Parkable, the Kiwi app encouraging city slickers to share parking spaces, has bought a Brisbane competitor Park Genie, as it sets off on its global expansion.


Parkable chief executive Toby Littin said the confidential deal took six months to complete.


Littin said getting a foothold in Australia was a big step for the business as the market there was about five times the size of New Zealand.


Parkable was the winner of the Deloitte Fast 50 Rising Star Award last year for its exceptional revenue growth.


Mike Davis the founder of the Park Genie and former Uber Australia senior manager will head the Brisbane operation.


Davis said parking spots were a "precious resource" in the big cities.


"I see Parkable as the leader in the parking sharing economy. It's an amazing opportunity to be able to bring that platform to Australia," Davis said.


The global smart parking system market was valued at about  US$3 billion (NZ$4b) in 2017 and is expected to reach US$9b by 2024.


Parkable launched in three years ago offering 170 parks for the Bledisloe Cup match at Eden Park.


Since then parks have been popping up around the country.


Littin said the business had revenue growth of 600 per cent in the past year.


He said 80 per cent of car parks in Auckland were under-used, which meant they were not used for at least a day.


"As a business there is more market than we can ever hope to address, the parking market is massive.


"The point of our business is to optimise the real estate," Littin said.


Next on the company's agenda is expanding across Australia.


Parkable also plans to launch in Shanghai, China, late this year, specifically targeting electric vehicle parking, he said.

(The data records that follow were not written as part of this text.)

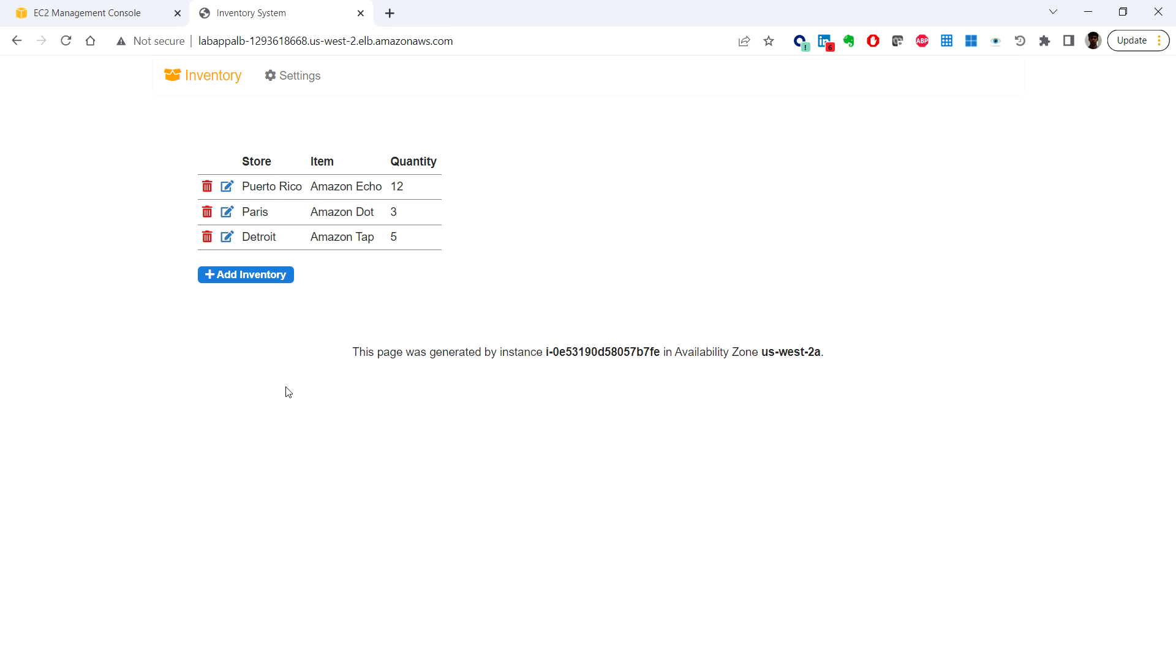We have successfully accessed the web application installed on the Amazon EC2 instance through the Load Balancer. That's it for this video. See you in the next one. Thank you.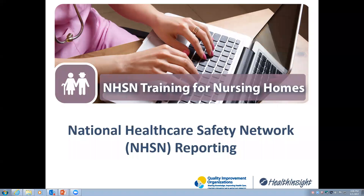In this training session, we're going to review reporting protocols and steps to report monthly CDI surveillance.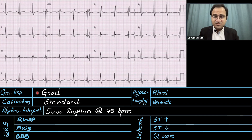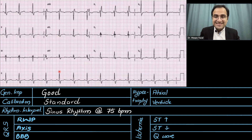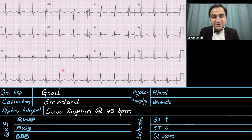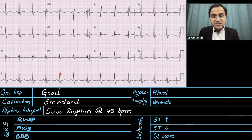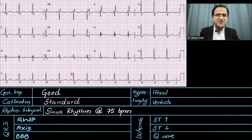Now let's look at the rhythm. P waves are present and married to the QRS complexes — P waves are followed by QRS complexes — so it is a sinus rhythm. Now let's calculate the rate. We calculate the number of large boxes between two RR intervals. Between these RR intervals we have four large boxes: one large box equals 300, two equals 150, three equals 100, four is approximately 75 beats per minute. So the rate is approximately 75 to 80 beats per minute.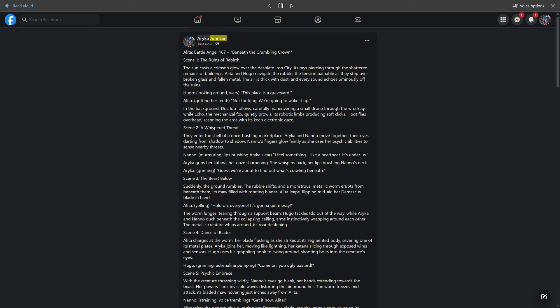Araika Johnson, just now, shared with public. Alita Battle Angel 167, Beneath the Crumbling Crown.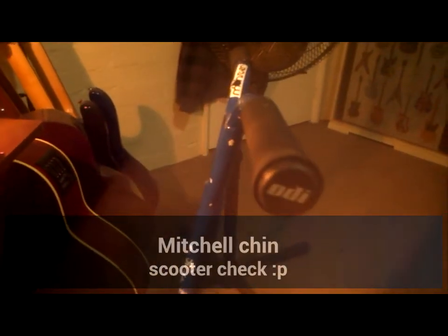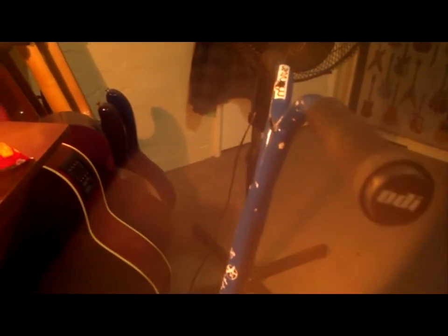First off, we've got some ODI grips. I love them, they're really smooth. Got a monster sticker. Another ODI grip.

"It's important to focus on a sub-section of the market in a country like China, just because of its sheer size and competition.


"Expanding to China seems like an unusual move for a Kiwi company, but we see a good natural fit with the Chinese consumer and our business. We see our tech development being really well aligned to be picked up in China. 


"We think our technology can provide some really good value to the land owner, value to the cities in terms reducing CBD congestion as well as with sustainability initiatives and reducing pollution," Littin said.